They were not the first Scots to be seduced by London life, the swinging Sixties witnessing Chelsea’s Charlie Cooke as one of the ‘King’s Road carousers’, then Peter Marinello, seemingly more interested in appearing on Top of the Pops than playing for Arsenal.

Other legends were not quite so lively: Frank McLintock was once staying at the Dorchester Hotel and spotted Elizabeth Taylor in the lobby, only for the actress to lean over and tell him he had forgotten to remove his bicycle clips.

Not all the Scots who played in London ever returned home. I’ll be laying flowers next Wednesday morning on the grave of Andrew Watson, who captained Scotland to their highest ever away victory over the auld enemy, a stunning 6-1 win in 1881. The first black man to play international football, his last resting place was only recently discovered in Richmond Cemetery, and this is an opportunity to mark his unique place in our football heritage.

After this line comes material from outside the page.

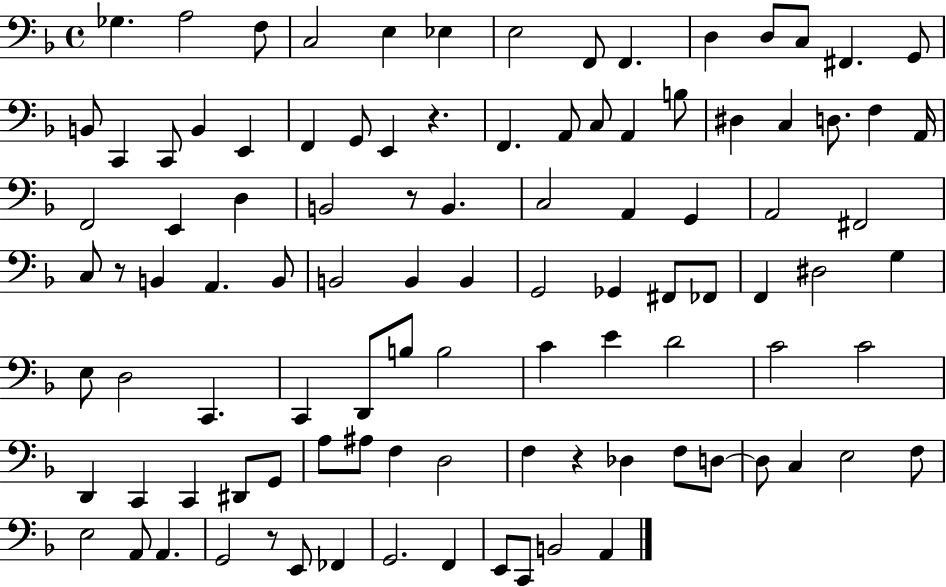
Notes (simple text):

Gb3/q. A3/h F3/e C3/h E3/q Eb3/q E3/h F2/e F2/q. D3/q D3/e C3/e F#2/q. G2/e B2/e C2/q C2/e B2/q E2/q F2/q G2/e E2/q R/q. F2/q. A2/e C3/e A2/q B3/e D#3/q C3/q D3/e. F3/q A2/s F2/h E2/q D3/q B2/h R/e B2/q. C3/h A2/q G2/q A2/h F#2/h C3/e R/e B2/q A2/q. B2/e B2/h B2/q B2/q G2/h Gb2/q F#2/e FES2/e F2/q D#3/h G3/q E3/e D3/h C2/q. C2/q D2/e B3/e B3/h C4/q E4/q D4/h C4/h C4/h D2/q C2/q C2/q D#2/e G2/e A3/e A#3/e F3/q D3/h F3/q R/q Db3/q F3/e D3/e D3/e C3/q E3/h F3/e E3/h A2/e A2/q. G2/h R/e E2/e FES2/q G2/h. F2/q E2/e C2/e B2/h A2/q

Another Scotland pioneer buried in the city is James Thomson, who played up front for Scotland in the first international match in 1872. Thomson gave up the game in 1874 for a career in the frozen meat trade and went on to make a vast fortune before his death in 1915; he is in East Finchley Cemetery.

The brilliant career of John White, who won 22 Scotland caps, was tragically cut short in 1964. He had just played his first ball at Crews Hill Golf Course in north London when a storm struck and he was hit by lightning while sheltering under an oak tree by the fairway. His grave is in Enfield Cemetery.

A more central monument to an influential early Scot is the statue of Quintin Hogg, who played for Scotland in the unofficial internationals of 1871 that inspired the ‘real thing’. A prominent philanthropist who died of carbon monoxide poisoning from a faulty heater, his larger-than-life effigy now sits above a traffic island in Portland Place, next to the BBC’s headquarters.

But perhaps the largest named memorial to a Scotland player is just round the corner from Trafalgar Square, a traditional Tartan Army gathering place. Kinnaird House in Pall Mall East commemorates Arthur Kinnaird, Scotland international and five-times FA Cup winner, whose house was on the site.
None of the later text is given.